La IA también puede ser parte de la solución
Reducir el debate en “la IA consume demasiado” es hacer corto. Porque la IA no es sólo parte del problema, sino también una herramienta clave para gestionar la complejidad del sistema energético.
La digitalización permite anticipar congestiones, optimizar flujos y extraer mayor rendimiento de la infraestructura existente. Algunas cargas digitales pueden flexibilizarse en el tiempo, adaptándose a la disponibilidad renovable y actuando como una “batería virtual”. Además, la IA está acelerando la innovación en materiales, baterías y procesos industriales, reduciendo drásticamente los tiempos de desarrollo.
Incluso aparecen propuestas que parecen ciencia ficción, como situar capacidad de cómputo en órbita alimentada por energía solar constante.
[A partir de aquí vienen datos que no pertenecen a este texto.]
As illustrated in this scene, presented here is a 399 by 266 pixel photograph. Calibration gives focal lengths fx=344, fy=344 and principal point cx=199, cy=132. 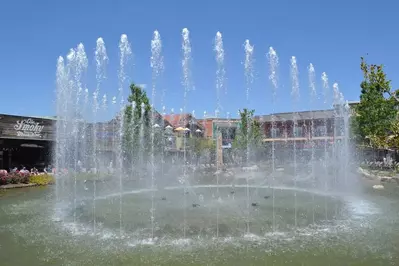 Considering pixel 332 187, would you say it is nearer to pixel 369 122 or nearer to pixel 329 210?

No son soluciones inminentes, pero indican claramente que los límites físicos del sistema terrestre son ya una restricción real.
En el fondo, la pregunta clave no es si la IA consumirá más energía -es inevitable-, sino si seremos capaces de encajar ese crecimiento dentro de un sistema eléctrico en plena transformación. Y aquí el mensaje está claro: el cuello de botella no es sólo la generación, sino la red y la forma en que la utilizamos.
En ERIA, este punto de intersección entre red, flexibilidad, almacenamiento y digitalización es clave. El futuro energético implica también operar mejor el sistema y convertir a la nueva demanda digital en un aliado de la transición energética.